В Измайлове намечался маскарад – на речном берегу, с гондолами, наядами и нептунами (почти все наяды и нептуны набраны были из многострадальной левенвольдовской дворни, служившей горнилом кадров для малых придворных представлений). Ла Брюс остался без актеров – Ди Маджо пел арию на встающей из воды рыбьей голове, девы-певицы изображали сирен, а хор – выступал в собственной роли, но в венцах из кувшинок и водорослей. Обер-гофмаршал еще с утра носился по речному берегу, отдавал распоряжения и лопался от злобы и бессилия – сделать как в Версале.
Ла Брюс намерен был явиться на маскарад и блеснуть, и кое-кого пленить, оставшись неузнанным – наряд Коломбины уже доставили концертмейстеру из его дома, недоставало только маски. Лакей послан был в гардеробную – и принес не то.
– Я неплохо знаком с месье Мордашовым, что смотрит за гардеробом, – сознался Яков. – Могу заглянуть к нему по старой памяти и заодно прихватить маску для вас, месье Бруно. Вам какая нужна – «баута» или «коломбина»?
– Если я – Коломбина, то, конечно же, «коломбина», – рассмеялся Ла Брюс, закинув ногу на ногу и кокетливо покачивая носком туфельки. – А вы, Иаков, разделите ли со мною радости маскарада?

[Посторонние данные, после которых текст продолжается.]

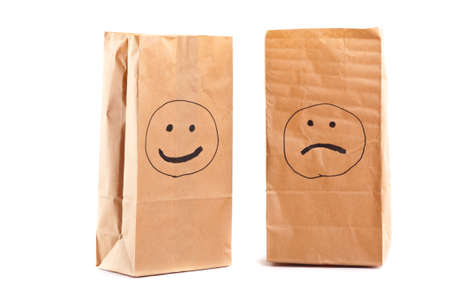 Smiling paper bag. Concept. Isolated on white.の写真素材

– Увы, останусь дома и продолжу бороться с ангелами, – сострил Яков над французской транскрипцией собственного имени. – Да меня и не пустят на маскарад – слишком уж я мелкая карта. А в гардероб ради вас могу заглянуть – проведать Анри Мордашова, он давний мой пациент.
– Доктор, а не ведаете, что Анри ваш болен, вернее, сказался больным – у него абстиненция… За него сейчас в гардеробной некто Тремуй, я их, признаться, с трудом различаю, – поморщился Ла Брюс.
– Еще лучше, – обрадовался Яков, – Тремуй мне еще больший приятель. Схожу, повидаюсь. Так вам, напомните, принести «коломбину»?
Якову, если уж говорить начистоту, за эти несколько дней до колик надоел Ла Брюс с его хвастовством и напористым кокетством, и хотелось бежать от него – хоть босиком по полю. А тут еще и де Тремуй в гардеробной…
Путь в гардеробную лежал через улицу – наряды хранились в отдельной избе, чуть-чуть не доходя до конюшни и псарни. Яков миновал крыльцо и парадную лестницу, когда бесцеремонный гвардеец вдруг отодвинул его, как вещь – к перилам. И далее не пустил.
Возле крыльца остановилась карета, декорированная весьма скромно, но на английских рессорах, немецких колесах и запряженная шестеркою весьма породистых лошадей. Яков выглянул из-за бутылочно-суконного гвардейского плеча – два здоровенных гайдука конфигурации «двое из ларца» соскочили с запяток и теперь бережно извлекали из кареты удивительную конструкцию.